▸ About this exercise: Collect each line of the records containing the string "Manual".

▸ Recorded data:
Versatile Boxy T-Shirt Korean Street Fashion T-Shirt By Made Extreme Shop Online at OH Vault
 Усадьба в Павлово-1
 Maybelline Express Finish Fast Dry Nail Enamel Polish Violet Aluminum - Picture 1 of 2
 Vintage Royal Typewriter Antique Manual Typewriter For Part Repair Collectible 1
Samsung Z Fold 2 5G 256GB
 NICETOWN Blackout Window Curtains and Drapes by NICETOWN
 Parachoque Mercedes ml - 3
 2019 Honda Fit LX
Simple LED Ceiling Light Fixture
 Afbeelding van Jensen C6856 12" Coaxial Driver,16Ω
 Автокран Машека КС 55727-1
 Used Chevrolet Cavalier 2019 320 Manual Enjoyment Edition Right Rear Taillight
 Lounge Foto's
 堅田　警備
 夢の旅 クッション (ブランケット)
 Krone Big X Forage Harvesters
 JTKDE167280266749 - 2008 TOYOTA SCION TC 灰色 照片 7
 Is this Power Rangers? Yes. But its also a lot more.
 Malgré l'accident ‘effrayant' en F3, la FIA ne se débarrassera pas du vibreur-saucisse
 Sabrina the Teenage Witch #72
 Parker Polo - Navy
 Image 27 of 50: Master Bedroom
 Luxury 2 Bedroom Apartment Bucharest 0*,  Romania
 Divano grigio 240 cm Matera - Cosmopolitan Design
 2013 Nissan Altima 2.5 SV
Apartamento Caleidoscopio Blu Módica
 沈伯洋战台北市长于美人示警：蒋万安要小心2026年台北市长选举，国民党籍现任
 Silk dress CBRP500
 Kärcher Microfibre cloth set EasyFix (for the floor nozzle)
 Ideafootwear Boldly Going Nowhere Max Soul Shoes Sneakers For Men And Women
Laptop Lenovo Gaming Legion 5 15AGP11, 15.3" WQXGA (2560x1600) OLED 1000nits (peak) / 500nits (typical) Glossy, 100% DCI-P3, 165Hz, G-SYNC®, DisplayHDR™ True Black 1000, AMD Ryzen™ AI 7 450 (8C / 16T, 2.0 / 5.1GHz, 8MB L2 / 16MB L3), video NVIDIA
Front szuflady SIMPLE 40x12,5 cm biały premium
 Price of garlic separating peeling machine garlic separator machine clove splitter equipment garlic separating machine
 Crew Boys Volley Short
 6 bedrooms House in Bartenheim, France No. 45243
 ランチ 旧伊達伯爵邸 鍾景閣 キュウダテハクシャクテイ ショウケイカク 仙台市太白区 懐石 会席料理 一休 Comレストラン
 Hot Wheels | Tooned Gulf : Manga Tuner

▸ Written reply:
 Vintage Royal Typewriter Antique Manual Typewriter For Part Repair Collectible 1
 Used Chevrolet Cavalier 2019 320 Manual Enjoyment Edition Right Rear Taillight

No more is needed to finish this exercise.